Wine & Spirits
How Some Oakland Bars Make the Season More Festive
As the weather gets cooler, we’ll start spending more time indoors. For many of us that means more time in one of our favorite places: the local bar. Come shorter days, some of the town’s best barkeeps will be focusing on drinks to warm the bones and celebrate the season.
Drink selections at the Oakland location of B Restaurant & Bar are “all based around what’s in season in the winter,” according to Oakland and San Francisco B co-owner Kevin Best. Consequently, B features wassail, a cider-based drink made with cloves, nutmeg, cinnamon and Cognac. Best notes that his guests drink a lot more around the holidays and says he even has customers who take their cocktails in coffee cups lest their colleagues see them imbibing at the lunch hour. “There’s a three-week period in December where people really go at it,” says Best, adding that B serves a lot of rum- and whiskey-based drinks during the winter.

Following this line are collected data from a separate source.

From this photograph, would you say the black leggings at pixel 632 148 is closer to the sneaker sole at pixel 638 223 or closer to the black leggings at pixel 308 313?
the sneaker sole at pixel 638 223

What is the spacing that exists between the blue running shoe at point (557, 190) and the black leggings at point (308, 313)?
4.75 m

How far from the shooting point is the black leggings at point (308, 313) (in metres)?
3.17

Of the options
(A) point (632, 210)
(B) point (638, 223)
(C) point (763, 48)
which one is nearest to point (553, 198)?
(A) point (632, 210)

“People aren’t going out and taking long bike rides. So they drink a little bit more when it’s dark earlier and cooler,” concurs Rick Mitchell, owner and general manager of Luka’s Taproom & Lounge and the Franklin Square Wine Bar, both in downtown Oakland. During the holiday season Mitchell uses more of the apple brandy Calvados, brandy, Cognacs and Armagnacs. “People do buy more Bourbon-based old fashioneds and Manhattans in cool months,” he says.
Over at Levende East, co-owner Dirk Kahl does seasonal infusions with ingredients like lavender and apples. He also muddles a range of winter fruits and serves them as martinis. One of his top drinks at this time of year is the Glenrothes Scotch–based Tangy G, because “it makes you warm inside.” He adds that one big difference is that “in the winter people are happy to have drinks they can nurse for a little while.” He, too, sees an uptake in sales of brown spirits, such as rum and scotch in the cool months. He also notes that his customers are more likely to try new cocktails around the holidays as more time bellying up to the bar leads to greater experimentation.
At traditional Mexican restaurant Tamarindo Antojeria, Christmastime is all about the ponche navideño, or Christmas punch. “Everyone has their own name for it. It’s this punch that is at almost every party,” notes co-owner Alfonso Dominguez. “It tastes like a vibrant fruit punch with a little kick,” he explains. It can be served warm or cool, like sangria.
Almost all the restaurateurs agreed that the Oakland drinker is far more sophisticated than many customers in the City. “In the East Bay, people don’t want as much sugar in their drinks as San Francisco,” notes Kahl. And he adds that classic cocktails, made with bitters, “are better in the East Bay.” Over at B, Best’s customers “challenge our bartenders. In San Francisco they just order.”
Hopefully, their discerning spirits will allow them to celebrate over a great round of holiday drinks.
Santa’s BribeFrom Luka’s Taproom & Lounge
(Luka’s owner Rick Mitchell thinks Santa might prefer this to a plate of cookies.)
1½ ounces Modern Spirits Candied Ginger vodka
1 ounce butterscotch liqueur
½ ounce vanilla vodka
½ ounce Bailey’s Irish Cream
¼ ounce dark maple syrup
grated fresh nutmeg
Shake all ingredients together in a shaker over ice and strain them into a martini glass. Garnish with fresh grated nutmeg and serve.
Ponche NavideñoFrom Tamarindo Antojeria
5 liters water
1 cup guava (usually found canned in Mexican markets)
3 cups jamaica (dried hibiscus flowers that can be found at Mexican markets)
¼ cup raisins
3 sticks cinnamon
5 sticks sugarcane (which can also be found canned)
½ cup tejocote (a fruit similar to guava that can be found canned at Mexican markets)
½ cup whole pecans
4 cups Bacardi rum (light or dark)
Bring all ingredients but the Bacardi to a boil for 5 minutes, and then add the Bacardi. Serve warm or chilled in a large punch bowl. Serves 10 to 15.
The Tangy GFrom Levende East
3 blood orange slices (2 for the drink and 1 for a garnish)
3 ounces Glenrothes Scotch
1 ounce B & B
5 ounces agave nectar
Muddle the two blood orange slices with the other ingredients. Shake the mixture in a shaker with ice, strain and serve it up in a martini glass, garnished with a wedge of blood orange.